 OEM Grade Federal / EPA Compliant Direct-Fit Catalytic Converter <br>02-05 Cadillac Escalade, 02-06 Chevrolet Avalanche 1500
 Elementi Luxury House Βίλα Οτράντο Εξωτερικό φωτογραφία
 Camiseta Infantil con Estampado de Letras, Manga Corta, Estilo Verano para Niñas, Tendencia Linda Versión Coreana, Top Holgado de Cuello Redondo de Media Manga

* * *

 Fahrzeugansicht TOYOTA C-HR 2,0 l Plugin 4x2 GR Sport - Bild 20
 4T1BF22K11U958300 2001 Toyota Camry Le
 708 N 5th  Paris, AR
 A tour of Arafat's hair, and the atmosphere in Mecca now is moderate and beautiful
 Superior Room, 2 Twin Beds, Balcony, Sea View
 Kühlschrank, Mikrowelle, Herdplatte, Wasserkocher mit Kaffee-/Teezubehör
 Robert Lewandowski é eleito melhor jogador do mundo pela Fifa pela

- **Work item**
Set down precisely the lines above between the line holding "Elementi Luxury House" and the line holding "Camiseta Infantil con", inclusive, and nothing beyond them.

- **Reply to the exercise**
 Elementi Luxury House Βίλα Οτράντο Εξωτερικό φωτογραφία
 Camiseta Infantil con Estampado de Letras, Manga Corta, Estilo Verano para Niñas, Tendencia Linda Versión Coreana, Top Holgado de Cuello Redondo de Media Manga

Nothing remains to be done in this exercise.